Between 1991 and 1994 a qualitative research study using a Constructivist approach was conducted to determine how computers were affecting the work of CES field staff and what beliefs were held about computers. The work of Martin Heidegger and Jacques Ellul provided the framework for the study. Data was gathered from 57 semi-structured interviews with CES field and campus staff and from participant-observation in a dozen state and national CES meetings.
The results showed that the new computer infrastructure enhanced trends associated with organizational restructuring. The old hierarchical relationship within the CES between campus and field staff based on subject matter expertise reasserted itself among the field staff based on their computer use.
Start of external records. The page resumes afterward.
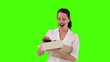 Dark-haired woman opening a present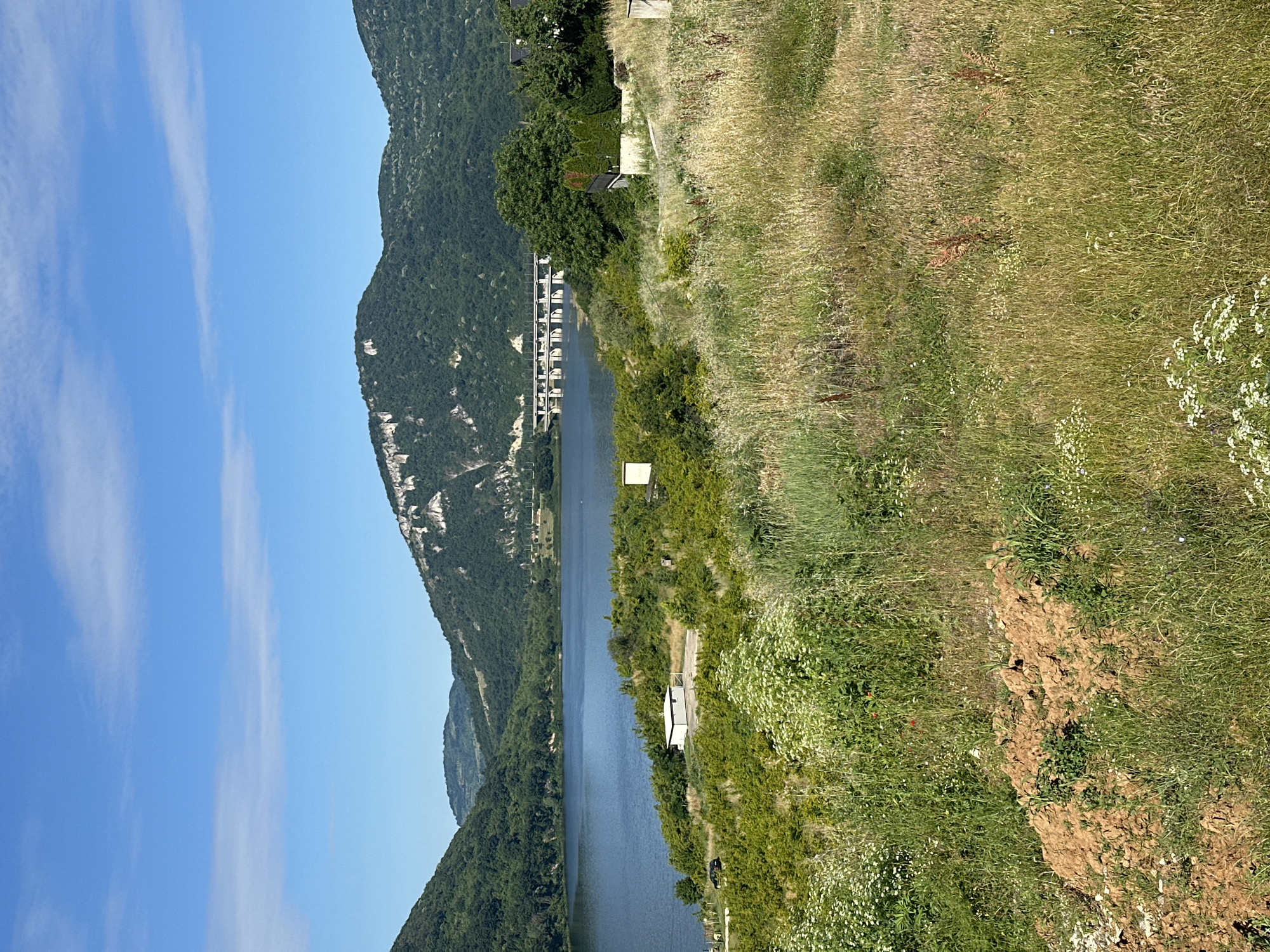 A wide, outdoor shot captures a serene landscape featuring a calm body of water surrounded by verdant, rolling hills under a clear blue sky. In the foreground, tall, dry grasses and a patch of reddish-brown soil dominate the scene, interspersed with small white wildflowers.
To the left, the water stretches across the frame, bordered by a dense line of green bushes and trees. A small, white rectangular building with a dark roof sits near the edge of the water, accompanied by a single black car parked on a paved area.
Further back, on the opposite side of the water, a long, white bridge with numerous supports spans across the expanse. The hills in the background are covered in lush green foliage, with some areas revealing rocky cliff faces. The sky above is a bright blue with a few wispy white clouds scattered across it.
The scene appears to be a natural landscape with some man-made structures, possibly a reservoir or lake with a bridge and a small building. There are no people visible in the image. The overall impression is one of tranquility and natural beauty, with the elements of water, land, and sky harmoniously coexisting.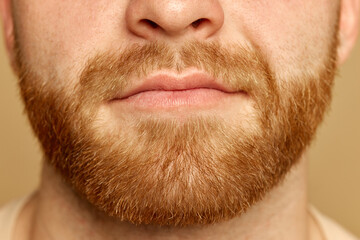 Obraz premium Cropped close up portrait of face young calm man with well kept skin and well-kept beard against beige studio background. Concept of beauty treatment, selfcare and hygiene, cosmetic, spa.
Unit leaders continued the old pattern of computer use by delegating most of it to their secretaries. Educators developed more active use of computers and those teams involved with family, youth and community issues used e-mail twice as much as those involved with agriculture. Greater e-mail use was associated with active encouragement by the team leader, a history of independent teaching by Educators and a subject matter where personal experience counted for as much as university research in developing educational programs.
The installation of the computer infrastructure expanded the influence of CES computer support staff, but it was very rushed and little provision was made for expanding training and support needs. These services remained centralized and field staff increasingly turned to their peers for support. Those most adversely affected by the changes were the secretaries in more isolated county offices whose workload expanded, while available support diminished.